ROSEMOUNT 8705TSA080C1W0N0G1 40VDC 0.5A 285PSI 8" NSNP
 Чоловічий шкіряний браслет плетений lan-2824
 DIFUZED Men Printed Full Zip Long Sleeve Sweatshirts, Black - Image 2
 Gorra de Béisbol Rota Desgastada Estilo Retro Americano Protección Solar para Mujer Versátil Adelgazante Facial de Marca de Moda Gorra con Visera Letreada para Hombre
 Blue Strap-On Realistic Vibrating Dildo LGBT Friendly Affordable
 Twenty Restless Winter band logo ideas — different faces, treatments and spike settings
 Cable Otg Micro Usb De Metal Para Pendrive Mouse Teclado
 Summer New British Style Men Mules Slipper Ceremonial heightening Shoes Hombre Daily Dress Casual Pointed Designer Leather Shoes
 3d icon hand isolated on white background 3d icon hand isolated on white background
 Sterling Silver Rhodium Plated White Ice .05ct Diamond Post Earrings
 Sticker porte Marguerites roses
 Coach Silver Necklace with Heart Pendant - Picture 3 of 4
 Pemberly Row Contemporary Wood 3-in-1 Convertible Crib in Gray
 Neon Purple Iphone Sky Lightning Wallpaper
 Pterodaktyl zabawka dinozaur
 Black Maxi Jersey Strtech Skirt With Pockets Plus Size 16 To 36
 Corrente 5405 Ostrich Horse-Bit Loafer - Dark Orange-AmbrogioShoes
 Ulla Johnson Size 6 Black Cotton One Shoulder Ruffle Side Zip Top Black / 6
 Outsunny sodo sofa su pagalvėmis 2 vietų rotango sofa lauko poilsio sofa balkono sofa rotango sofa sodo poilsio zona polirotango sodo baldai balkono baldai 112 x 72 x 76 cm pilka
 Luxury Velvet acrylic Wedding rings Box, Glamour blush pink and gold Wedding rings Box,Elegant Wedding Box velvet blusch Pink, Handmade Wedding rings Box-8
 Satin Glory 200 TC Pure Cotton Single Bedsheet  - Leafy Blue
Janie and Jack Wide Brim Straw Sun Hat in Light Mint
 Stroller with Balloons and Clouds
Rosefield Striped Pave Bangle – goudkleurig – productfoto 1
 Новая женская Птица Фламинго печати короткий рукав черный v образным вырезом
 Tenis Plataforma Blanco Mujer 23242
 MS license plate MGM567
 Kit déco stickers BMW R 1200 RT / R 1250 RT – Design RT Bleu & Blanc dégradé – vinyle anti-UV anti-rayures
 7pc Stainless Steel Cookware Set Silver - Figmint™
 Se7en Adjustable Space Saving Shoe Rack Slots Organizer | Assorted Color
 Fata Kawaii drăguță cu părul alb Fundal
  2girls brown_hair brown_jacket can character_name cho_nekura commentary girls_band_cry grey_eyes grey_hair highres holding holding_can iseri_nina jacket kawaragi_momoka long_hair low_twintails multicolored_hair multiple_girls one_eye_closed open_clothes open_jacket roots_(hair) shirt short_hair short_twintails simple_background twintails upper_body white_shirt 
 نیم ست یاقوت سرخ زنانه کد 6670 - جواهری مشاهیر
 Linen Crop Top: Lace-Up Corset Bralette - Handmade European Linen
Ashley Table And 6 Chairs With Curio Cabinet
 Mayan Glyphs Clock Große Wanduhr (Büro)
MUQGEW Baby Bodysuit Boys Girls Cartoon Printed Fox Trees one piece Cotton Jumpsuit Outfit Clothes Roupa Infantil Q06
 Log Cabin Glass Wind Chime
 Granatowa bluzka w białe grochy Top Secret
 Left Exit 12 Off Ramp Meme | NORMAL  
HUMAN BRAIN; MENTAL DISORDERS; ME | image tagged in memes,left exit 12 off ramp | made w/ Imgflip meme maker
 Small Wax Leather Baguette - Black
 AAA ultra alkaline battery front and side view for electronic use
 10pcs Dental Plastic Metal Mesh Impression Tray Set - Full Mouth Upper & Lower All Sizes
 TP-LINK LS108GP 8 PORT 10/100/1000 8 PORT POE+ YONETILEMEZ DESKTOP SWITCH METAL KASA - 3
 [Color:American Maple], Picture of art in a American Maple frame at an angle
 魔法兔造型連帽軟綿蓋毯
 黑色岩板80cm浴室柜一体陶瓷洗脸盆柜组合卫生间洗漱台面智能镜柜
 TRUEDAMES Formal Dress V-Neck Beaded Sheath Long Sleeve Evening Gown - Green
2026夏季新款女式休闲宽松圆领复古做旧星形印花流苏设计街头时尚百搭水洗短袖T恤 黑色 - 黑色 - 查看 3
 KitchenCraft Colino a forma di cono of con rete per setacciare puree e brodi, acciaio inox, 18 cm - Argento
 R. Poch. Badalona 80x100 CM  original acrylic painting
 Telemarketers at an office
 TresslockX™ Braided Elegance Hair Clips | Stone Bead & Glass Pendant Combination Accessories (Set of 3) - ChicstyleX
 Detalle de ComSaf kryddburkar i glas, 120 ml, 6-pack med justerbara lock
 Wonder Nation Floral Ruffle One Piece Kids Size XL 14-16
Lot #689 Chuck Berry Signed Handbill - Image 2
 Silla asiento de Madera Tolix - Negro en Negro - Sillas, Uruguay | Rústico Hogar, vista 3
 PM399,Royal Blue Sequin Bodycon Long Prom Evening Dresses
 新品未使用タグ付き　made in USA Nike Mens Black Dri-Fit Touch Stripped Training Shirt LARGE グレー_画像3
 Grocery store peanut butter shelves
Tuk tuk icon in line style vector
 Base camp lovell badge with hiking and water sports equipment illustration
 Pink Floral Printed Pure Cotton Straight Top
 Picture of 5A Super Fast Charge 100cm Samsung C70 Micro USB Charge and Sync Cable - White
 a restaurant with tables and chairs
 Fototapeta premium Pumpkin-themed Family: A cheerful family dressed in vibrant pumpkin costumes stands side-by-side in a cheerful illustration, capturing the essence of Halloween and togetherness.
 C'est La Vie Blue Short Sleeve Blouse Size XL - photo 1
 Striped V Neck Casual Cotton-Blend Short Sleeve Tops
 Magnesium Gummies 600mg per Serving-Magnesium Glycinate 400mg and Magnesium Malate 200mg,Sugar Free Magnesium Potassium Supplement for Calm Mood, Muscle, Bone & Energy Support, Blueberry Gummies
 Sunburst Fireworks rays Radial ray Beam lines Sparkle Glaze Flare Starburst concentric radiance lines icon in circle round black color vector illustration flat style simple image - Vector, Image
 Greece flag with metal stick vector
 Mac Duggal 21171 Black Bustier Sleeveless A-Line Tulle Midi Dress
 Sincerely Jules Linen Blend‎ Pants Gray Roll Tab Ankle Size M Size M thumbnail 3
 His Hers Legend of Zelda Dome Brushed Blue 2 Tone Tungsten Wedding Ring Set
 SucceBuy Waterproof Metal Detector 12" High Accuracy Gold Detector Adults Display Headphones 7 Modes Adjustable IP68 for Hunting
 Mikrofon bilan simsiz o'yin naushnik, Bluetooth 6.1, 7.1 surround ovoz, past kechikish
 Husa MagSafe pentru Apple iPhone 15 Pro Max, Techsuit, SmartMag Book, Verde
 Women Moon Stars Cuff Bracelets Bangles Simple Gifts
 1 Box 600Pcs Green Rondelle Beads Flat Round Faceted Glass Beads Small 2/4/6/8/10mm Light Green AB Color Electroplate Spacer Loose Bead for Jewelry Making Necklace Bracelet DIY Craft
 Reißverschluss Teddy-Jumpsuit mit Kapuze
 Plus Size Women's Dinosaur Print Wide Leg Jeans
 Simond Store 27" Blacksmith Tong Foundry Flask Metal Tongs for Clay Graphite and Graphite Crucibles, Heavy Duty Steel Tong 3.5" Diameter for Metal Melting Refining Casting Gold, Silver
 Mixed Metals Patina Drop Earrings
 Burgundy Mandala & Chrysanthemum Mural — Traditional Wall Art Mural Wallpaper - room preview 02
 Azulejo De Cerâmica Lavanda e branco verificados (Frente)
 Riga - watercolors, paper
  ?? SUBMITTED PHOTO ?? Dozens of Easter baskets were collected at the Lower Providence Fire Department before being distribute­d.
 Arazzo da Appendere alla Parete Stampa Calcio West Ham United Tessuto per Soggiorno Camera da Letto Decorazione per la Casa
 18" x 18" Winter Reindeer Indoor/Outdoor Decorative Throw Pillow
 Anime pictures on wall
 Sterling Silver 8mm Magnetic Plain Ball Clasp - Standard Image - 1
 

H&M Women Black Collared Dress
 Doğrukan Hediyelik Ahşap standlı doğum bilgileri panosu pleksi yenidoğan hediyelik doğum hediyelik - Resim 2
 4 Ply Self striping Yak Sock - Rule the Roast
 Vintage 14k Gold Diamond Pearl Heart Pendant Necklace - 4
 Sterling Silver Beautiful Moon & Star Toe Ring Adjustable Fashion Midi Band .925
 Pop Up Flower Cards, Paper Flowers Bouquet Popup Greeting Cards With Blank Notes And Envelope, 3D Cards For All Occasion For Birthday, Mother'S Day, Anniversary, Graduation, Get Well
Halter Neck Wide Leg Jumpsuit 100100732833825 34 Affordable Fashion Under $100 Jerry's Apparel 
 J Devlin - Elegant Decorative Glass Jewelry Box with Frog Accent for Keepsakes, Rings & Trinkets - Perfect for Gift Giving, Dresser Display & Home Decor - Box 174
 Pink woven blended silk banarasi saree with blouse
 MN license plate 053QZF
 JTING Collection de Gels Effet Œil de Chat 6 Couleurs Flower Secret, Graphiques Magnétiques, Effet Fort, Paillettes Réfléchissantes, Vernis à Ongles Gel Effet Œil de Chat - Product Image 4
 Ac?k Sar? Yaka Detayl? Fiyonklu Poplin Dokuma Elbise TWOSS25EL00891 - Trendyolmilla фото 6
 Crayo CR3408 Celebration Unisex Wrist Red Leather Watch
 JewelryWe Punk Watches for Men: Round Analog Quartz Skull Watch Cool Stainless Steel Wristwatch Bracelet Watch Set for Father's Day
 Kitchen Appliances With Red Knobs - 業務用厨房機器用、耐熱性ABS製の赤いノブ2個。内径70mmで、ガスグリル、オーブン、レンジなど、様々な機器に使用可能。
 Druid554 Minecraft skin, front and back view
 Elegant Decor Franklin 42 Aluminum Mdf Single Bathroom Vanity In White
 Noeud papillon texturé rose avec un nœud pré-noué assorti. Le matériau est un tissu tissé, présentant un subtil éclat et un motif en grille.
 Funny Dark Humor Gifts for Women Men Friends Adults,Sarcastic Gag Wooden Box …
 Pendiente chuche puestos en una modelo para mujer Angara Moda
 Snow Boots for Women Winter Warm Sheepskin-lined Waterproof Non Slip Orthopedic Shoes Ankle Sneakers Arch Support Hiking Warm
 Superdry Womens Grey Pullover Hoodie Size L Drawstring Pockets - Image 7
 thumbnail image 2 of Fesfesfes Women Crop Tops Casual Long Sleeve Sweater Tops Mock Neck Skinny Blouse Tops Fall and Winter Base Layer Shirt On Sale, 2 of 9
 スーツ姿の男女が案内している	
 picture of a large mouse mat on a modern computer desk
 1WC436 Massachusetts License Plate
★ ★ ★
Look back at the entries above. Retype the line with "PM399,Royal Blue Sequin", the line with "Tuk tuk icon in line style vector", and all lines in between.

 PM399,Royal Blue Sequin Bodycon Long Prom Evening Dresses
 新品未使用タグ付き　made in USA Nike Mens Black Dri-Fit Touch Stripped Training Shirt LARGE グレー_画像3
 Grocery store peanut butter shelves
Tuk tuk icon in line style vector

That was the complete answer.